What is expected:
Which lines to output? The line containing "Mediteran Maradiso Hotel by Aminess 2027" and every line after it in the data below, each copied exactly.

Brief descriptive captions
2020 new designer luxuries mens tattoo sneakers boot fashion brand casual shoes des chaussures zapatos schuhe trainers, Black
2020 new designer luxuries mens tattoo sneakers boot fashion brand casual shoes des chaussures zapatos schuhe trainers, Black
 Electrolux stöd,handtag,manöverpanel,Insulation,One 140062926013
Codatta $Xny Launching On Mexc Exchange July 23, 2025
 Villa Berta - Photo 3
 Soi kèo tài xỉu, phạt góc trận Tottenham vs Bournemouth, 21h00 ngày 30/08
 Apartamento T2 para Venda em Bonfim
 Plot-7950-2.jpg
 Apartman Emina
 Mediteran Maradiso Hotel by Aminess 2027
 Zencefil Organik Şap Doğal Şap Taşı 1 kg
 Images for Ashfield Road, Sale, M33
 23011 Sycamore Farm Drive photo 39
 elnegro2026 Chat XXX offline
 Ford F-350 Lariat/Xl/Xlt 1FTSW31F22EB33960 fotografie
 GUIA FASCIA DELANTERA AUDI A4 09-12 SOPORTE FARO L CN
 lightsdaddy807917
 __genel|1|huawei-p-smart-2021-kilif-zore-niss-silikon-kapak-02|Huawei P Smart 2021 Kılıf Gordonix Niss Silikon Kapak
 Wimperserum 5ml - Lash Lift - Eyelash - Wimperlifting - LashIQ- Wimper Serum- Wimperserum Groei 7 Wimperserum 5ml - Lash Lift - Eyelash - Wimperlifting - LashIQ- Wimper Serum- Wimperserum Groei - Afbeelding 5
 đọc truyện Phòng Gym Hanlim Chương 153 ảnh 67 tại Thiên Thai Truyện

Exercise solution:
 Mediteran Maradiso Hotel by Aminess 2027
 Zencefil Organik Şap Doğal Şap Taşı 1 kg
 Images for Ashfield Road, Sale, M33
 23011 Sycamore Farm Drive photo 39
 elnegro2026 Chat XXX offline
 Ford F-350 Lariat/Xl/Xlt 1FTSW31F22EB33960 fotografie
 GUIA FASCIA DELANTERA AUDI A4 09-12 SOPORTE FARO L CN
 lightsdaddy807917
 __genel|1|huawei-p-smart-2021-kilif-zore-niss-silikon-kapak-02|Huawei P Smart 2021 Kılıf Gordonix Niss Silikon Kapak
 Wimperserum 5ml - Lash Lift - Eyelash - Wimperlifting - LashIQ- Wimper Serum- Wimperserum Groei 7 Wimperserum 5ml - Lash Lift - Eyelash - Wimperlifting - LashIQ- Wimper Serum- Wimperserum Groei - Afbeelding 5
 đọc truyện Phòng Gym Hanlim Chương 153 ảnh 67 tại Thiên Thai Truyện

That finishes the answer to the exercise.